Of course, as usual with Bush, his view reflects an alternative universe to ours, where up is down, black is white, and two and two make five.
GOP lawmakers said in yesterday's Post report that
... the 1,700-page bill would speed up the development of domestic energy resources, ease congestion on the nation's overburdened electricity grid and provide new tax incentives to revive a dormant nuclear power industry. Conservation measures, they said, would eliminate the need for 130 conventional power plants by 2020. A new trans-Alaska pipeline envisioned in the bill eventually could bring natural gas from the Arctic to the Midwest, they said.
Then, there's reality, as the Post reports in its analysis, "...industry officials and environmental activists of widely divergent viewpoints generally agree that it will have only a modest impact on the nation's most pressing energy problems, including its reliance on foreign energy supplies, an overburdened electricity grid and fuels that pollute the air and may alter the atmosphere.
"For those who want to deal aggressively with the dangers of climate change and air polluted by auto exhausts, power plants and factories, the bill is a disappointment.
"But for those who believe the United States needs to dramatically increase its domestic energy production in the interest of national security, the legislation also falls short."
Lots of mediocrity to pass around, along with the billions of dollars in tax breaks for GOP friends in the energy industry. There's no effort to increase minimum fuel efficiency standards in autos (in fact, some analysts believe that parts of the bill will lead to a decrease in average auto fuel efficiency). The measures to reduce energy consumption in the bill amount to saving a laughable three months of the projected U.S. total between now and 2020. Senate-approved measures to require utility companies to steadily ratchet up use of renewable energy sources has been dropped in the consensus bill. Shamefully, but not surprisingly, the energy bill does nothing to acknowledge global warming.

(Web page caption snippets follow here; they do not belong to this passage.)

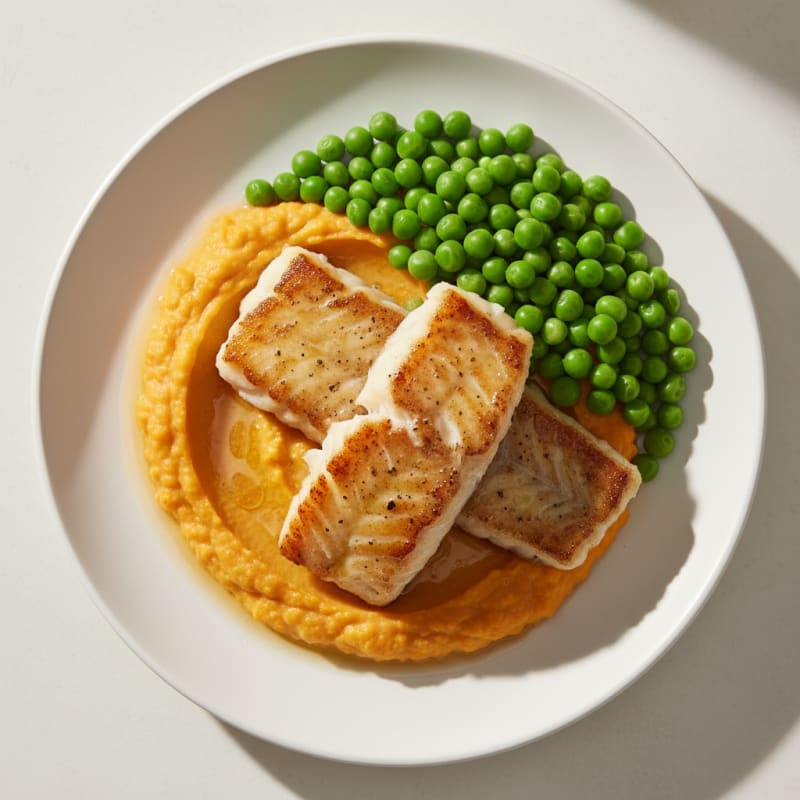 Seared Fish Fillets with Creamy Yam Mash and Steamed Peas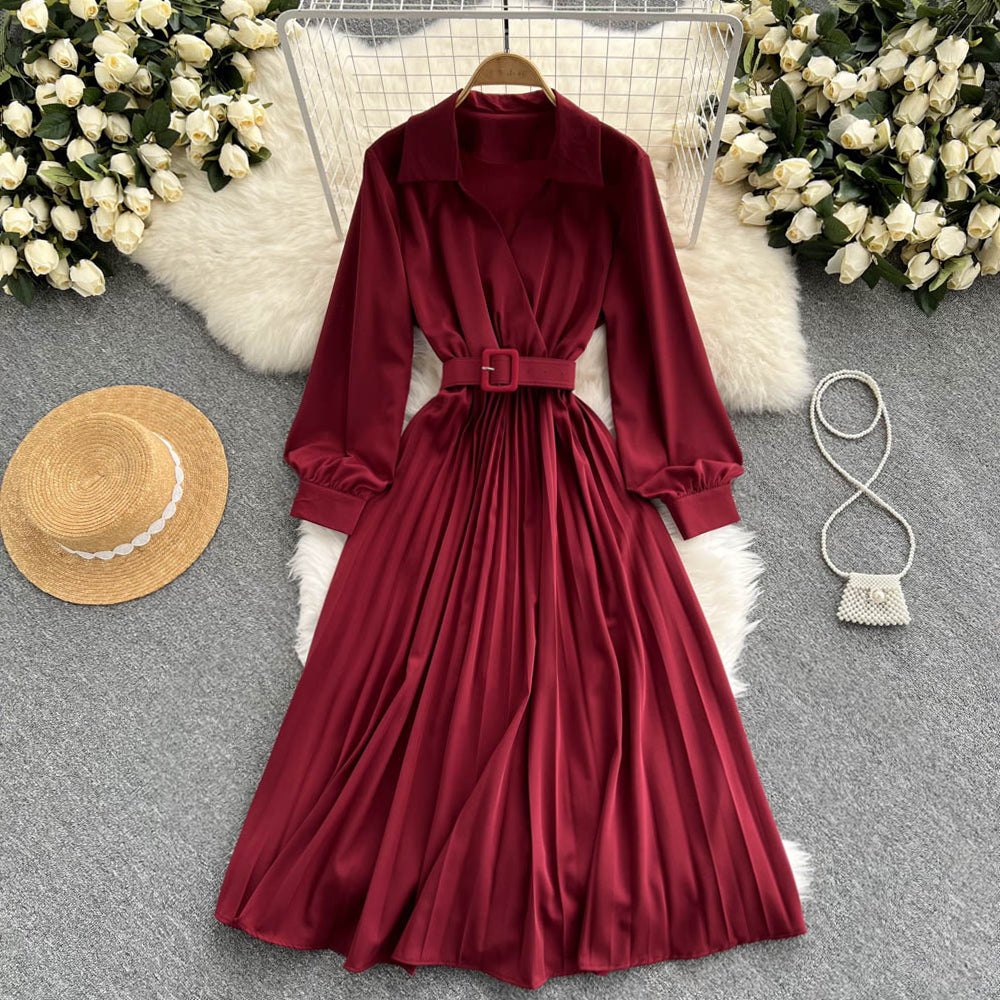 Simple V Neck Long Sleeve Dress A Line Fashion Dress 10946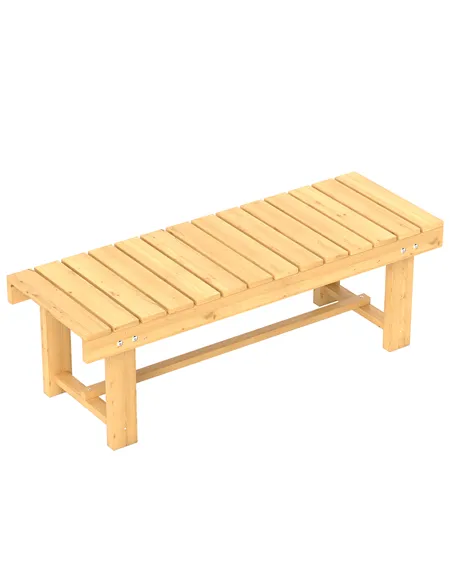 Outsunny 1 Piece 2-seater Outdoor Indoor Wooden Garden Bench Fir Patio Loveseat, 110L x 38W x 35Hcm, Natural
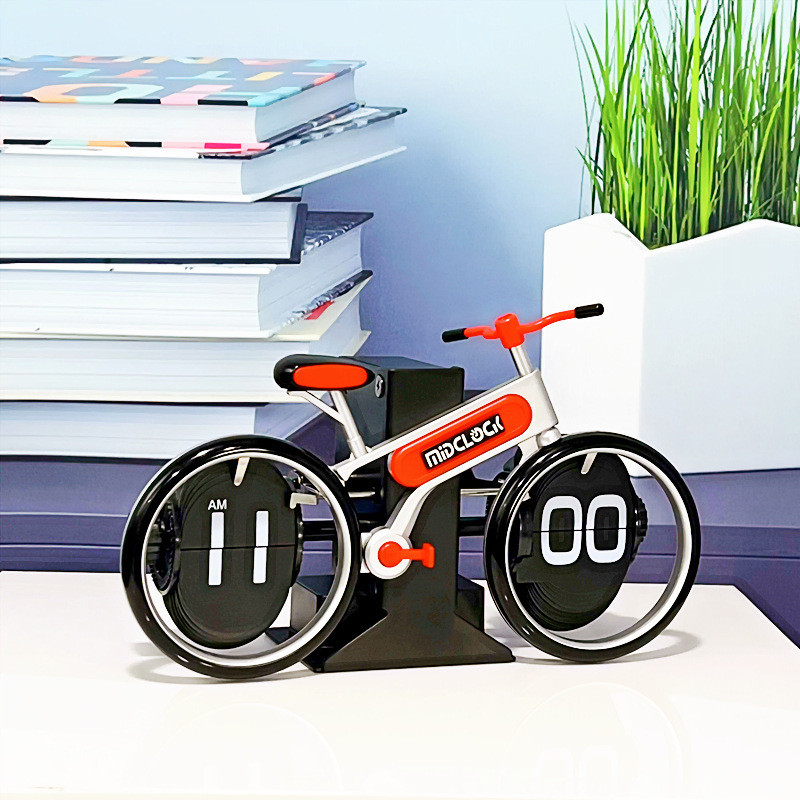 AF創意腳踏車翻頁時鐘家用桌面個性單車造型翻頁鍾時尚裝飾禮品座鐘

Worst of all, the energy bill repeals the 1935 Public Utility Holding Company Act, which limits utility industry mergers. Once again, the GOP proves that it believes in a competitive free market, as long as industry backers of the GOP get a pass on the "competitive" and "free" parts of the market.
The $20bn intended for an Arctic natural gas pipeline is simply pork for Gov. Frank Murkowski's (R-AK) benefit, as CBS' "60 Minutes" has reported. Worse, the Post reports that "the incentives are not enough to get the project going, say officials of ConocoPhillips, a primary backer. Even under the best of circumstances, the gas would not arrive for a decade."
At least Artic National Wildlife Refuge drilling was dropped from the bill to increase its chances of passage. However, I take major issue with the way the Post's analysis characterizes this: "Opposition to new oil and gas drilling off U.S. coasts proved so strong that GOP negotiators also dropped a proposal merely to inventory offshore energy reserves.
"As a result, the bill will not significantly slow the increasing U.S. dependence on crude oil imports, according to senior oil industry executives."
You bet this view comes from oil execs. By my calculations using a 1998 US Geological fact sheet on ANWR, if we started developing an oil drilling infrastructure there today, don't alter our oil importation and consumption, and assuming modestly favorable estimates of ANWR oil reserves, ten years from this oil would represent just over 8% of our net oil imports. Even if we did drill ANWR, we wouldn't significantly reduce our dependence on foreign oil.
The Post's analysis of the energy bill best describes the bill thusly: "Instead of a broad deal, the final package contains dozens of pieces of two clashing visions of the nation's energy future."
All pork and industry tax breaks with nothing substantive accomplished -- the outcome we've come to expect from Bush and the GOP.